Assigned task:
The entries below contain a line with "Kid Creole And" and a line with "Livro - O que eu posso ser? Livro". Quote exactly those two lines and all lines between them.

[Scraped caption text data]

BEGIN

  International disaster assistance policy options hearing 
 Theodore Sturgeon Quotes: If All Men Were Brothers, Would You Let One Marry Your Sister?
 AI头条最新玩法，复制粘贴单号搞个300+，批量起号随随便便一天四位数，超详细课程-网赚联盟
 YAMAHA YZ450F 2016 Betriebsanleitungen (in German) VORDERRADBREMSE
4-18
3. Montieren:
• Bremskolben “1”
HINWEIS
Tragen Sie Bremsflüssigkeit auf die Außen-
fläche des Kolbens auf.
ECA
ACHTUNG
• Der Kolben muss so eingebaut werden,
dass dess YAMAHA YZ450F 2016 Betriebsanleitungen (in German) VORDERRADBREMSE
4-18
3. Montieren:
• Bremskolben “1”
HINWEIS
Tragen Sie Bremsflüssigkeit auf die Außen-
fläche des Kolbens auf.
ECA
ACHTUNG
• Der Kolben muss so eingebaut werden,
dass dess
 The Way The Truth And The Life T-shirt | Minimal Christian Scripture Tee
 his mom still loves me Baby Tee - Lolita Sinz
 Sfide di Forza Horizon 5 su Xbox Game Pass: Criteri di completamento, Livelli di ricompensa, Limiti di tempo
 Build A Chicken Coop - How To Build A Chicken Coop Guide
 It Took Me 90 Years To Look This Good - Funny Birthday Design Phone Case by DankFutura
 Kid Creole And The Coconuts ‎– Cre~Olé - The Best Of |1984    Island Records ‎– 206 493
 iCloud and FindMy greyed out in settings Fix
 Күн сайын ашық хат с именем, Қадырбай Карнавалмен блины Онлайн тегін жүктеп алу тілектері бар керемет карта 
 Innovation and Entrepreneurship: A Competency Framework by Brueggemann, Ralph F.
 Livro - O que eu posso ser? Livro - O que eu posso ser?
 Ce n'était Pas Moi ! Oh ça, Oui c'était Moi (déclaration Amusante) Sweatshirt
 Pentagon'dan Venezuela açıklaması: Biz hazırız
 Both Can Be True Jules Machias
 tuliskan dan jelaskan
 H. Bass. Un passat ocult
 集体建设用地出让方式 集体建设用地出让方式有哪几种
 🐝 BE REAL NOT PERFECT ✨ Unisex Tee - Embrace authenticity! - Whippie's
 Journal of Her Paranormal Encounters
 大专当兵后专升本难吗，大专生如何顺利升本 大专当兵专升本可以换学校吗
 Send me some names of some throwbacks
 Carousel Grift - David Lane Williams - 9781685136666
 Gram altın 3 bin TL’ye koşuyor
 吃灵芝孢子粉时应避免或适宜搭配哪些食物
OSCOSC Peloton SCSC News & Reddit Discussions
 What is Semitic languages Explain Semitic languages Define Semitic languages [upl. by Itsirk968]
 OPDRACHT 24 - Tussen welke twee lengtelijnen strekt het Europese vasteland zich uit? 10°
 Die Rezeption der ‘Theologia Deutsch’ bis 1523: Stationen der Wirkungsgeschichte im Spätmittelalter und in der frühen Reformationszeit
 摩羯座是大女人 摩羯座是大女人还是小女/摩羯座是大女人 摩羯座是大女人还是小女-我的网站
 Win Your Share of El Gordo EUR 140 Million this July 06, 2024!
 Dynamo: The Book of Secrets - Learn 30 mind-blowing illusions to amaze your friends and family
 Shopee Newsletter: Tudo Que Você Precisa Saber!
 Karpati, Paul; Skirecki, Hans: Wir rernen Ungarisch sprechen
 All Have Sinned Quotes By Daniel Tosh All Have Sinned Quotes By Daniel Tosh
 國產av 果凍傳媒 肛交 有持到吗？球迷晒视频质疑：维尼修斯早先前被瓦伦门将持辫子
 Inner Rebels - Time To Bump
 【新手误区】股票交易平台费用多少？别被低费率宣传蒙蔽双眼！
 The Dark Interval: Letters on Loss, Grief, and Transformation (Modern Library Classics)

END

Answer to this task:
 Kid Creole And The Coconuts ‎– Cre~Olé - The Best Of |1984    Island Records ‎– 206 493
 iCloud and FindMy greyed out in settings Fix
 Күн сайын ашық хат с именем, Қадырбай Карнавалмен блины Онлайн тегін жүктеп алу тілектері бар керемет карта 
 Innovation and Entrepreneurship: A Competency Framework by Brueggemann, Ralph F.
 Livro - O que eu posso ser? Livro - O que eu posso ser?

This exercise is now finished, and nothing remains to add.